1. This is only Part One of the exhibition
For the first time, this year’s Costume Institute exhibition is being divided into two separate parts. Part One, which opens on September 18, is located in the Anna Wintour Costume Center and uses the organizing principle of a patchwork quilt. Around 100 men’s and women’s ensembles (but mostly women’s) are on display and are organized into 12 sections exploring what the show is calling the “defining emotional qualities” of American fashion. Those sections are: “Nostalgia,” “Belonging,” “Delight,” “Joy,” “Wonder,” “Affinity,” “Confidence,” “Strength,” “Desire,” “Assurance,” “Comfort,” and “Consciousness.” Wondering which category a garment belongs to? Don’t worry, you’ll know.

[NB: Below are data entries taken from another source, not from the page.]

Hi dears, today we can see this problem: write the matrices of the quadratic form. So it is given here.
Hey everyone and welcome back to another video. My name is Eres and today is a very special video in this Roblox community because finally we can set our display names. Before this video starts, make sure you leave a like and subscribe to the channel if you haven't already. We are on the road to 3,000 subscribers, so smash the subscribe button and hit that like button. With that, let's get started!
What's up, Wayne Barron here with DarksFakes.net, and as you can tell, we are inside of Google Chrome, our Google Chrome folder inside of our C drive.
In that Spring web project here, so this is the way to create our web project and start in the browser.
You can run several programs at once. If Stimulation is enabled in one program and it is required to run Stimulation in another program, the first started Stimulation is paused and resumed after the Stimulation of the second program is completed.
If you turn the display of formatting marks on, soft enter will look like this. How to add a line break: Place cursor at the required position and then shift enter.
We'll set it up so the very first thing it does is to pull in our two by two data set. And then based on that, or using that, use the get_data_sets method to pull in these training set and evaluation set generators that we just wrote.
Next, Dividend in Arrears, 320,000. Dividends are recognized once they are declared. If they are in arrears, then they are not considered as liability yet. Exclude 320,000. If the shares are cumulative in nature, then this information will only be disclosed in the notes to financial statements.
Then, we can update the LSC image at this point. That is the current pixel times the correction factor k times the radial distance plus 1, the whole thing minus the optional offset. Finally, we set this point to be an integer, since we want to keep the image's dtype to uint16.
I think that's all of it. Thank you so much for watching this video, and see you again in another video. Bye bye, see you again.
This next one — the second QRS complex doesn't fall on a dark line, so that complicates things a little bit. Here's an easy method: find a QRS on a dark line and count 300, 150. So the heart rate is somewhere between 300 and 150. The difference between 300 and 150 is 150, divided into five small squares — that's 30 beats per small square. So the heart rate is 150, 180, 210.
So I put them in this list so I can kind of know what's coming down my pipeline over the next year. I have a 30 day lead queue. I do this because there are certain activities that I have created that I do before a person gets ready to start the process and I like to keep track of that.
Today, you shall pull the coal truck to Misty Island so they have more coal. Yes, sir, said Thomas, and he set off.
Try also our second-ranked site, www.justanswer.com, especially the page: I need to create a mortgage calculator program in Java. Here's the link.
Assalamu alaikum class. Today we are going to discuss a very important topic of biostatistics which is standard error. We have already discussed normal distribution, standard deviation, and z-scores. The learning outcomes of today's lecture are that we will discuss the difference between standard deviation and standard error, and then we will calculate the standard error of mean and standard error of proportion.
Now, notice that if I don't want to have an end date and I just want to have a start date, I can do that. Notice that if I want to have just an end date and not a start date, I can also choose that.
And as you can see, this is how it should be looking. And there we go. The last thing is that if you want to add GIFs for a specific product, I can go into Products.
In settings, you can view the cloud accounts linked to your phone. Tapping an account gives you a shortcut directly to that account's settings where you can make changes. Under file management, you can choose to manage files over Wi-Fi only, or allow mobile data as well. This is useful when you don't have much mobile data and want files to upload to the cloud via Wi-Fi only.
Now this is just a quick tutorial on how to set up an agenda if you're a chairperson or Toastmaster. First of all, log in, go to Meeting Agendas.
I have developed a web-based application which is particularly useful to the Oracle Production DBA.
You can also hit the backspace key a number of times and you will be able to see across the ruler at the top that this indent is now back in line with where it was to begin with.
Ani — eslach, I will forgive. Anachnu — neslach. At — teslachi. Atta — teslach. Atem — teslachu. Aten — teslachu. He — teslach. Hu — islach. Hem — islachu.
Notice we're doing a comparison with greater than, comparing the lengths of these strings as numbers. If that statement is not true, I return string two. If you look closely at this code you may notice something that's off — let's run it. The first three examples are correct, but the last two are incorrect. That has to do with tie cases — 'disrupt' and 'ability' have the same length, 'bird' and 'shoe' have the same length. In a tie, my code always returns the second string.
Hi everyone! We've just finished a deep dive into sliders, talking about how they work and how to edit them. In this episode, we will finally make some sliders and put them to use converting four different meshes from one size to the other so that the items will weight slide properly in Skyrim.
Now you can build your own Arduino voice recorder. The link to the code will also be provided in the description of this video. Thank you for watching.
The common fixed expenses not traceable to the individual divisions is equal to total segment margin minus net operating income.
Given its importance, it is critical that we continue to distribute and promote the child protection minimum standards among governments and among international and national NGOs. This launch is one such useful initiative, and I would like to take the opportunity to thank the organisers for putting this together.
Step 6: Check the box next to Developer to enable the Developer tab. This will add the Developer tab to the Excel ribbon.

Giant word bubbles located above each dress are pretty clear on the matter.
2. It’s a lot smaller than you’re probably expecting
If you’re accustomed to seeing the blockbuster fashion exhibitions of the Met’s past, this show might come as a bit of a surprise. It’s mainly located in one, relatively small room and features various dresses, simply located in plain white boxes. The exhibition is a lot less theatrical than past outings, but the simplicity provides a rather pleasant interactive experience with nothing much separating you from the clothes. If you’re looking for more, stay tuned for Part Two of the show which will open in May and be accompanied by, you guessed it, another Met Gala to celebrate the additional displays.
3. It takes the “Lexicon” concept seriously
In addition to the aforementioned “word bubbles,” the exhibition is largely focused on the words and concepts employed to categorize American fashion. It’s as much about the clothing as it is about the language and ideas used to describe it. Part Two of the exhibition, which will be staged in the American Wing, will focus more on the stories and narratives surrounding fashion related to the U.S., and it will feature garments staged in the museum’s iconic period rooms.
4. There’s a lot of red, white and blue
You’re gonna see a lot of flags.
5. There are standout pieces even in this smaller show
One of the cool things about Part One of the “In America” exhibition is that since it will be on view for a full year, the garments on display will be changed and moved around over time. As a result, you’ll want to swing by to check out a few stand-out items that are currently on display for the exhibition’s opening including a plaid silk taffeta ball gown by Christopher John Rogers, a mermaid dress by Claude Kameni and a panniered dress of deadstock fabric by Hillary Taymour for Collina Strada. Overall, the show will have you thinking about what America represents as a country and an ideal as much as how it’s defined by the fashion most closely associated with it.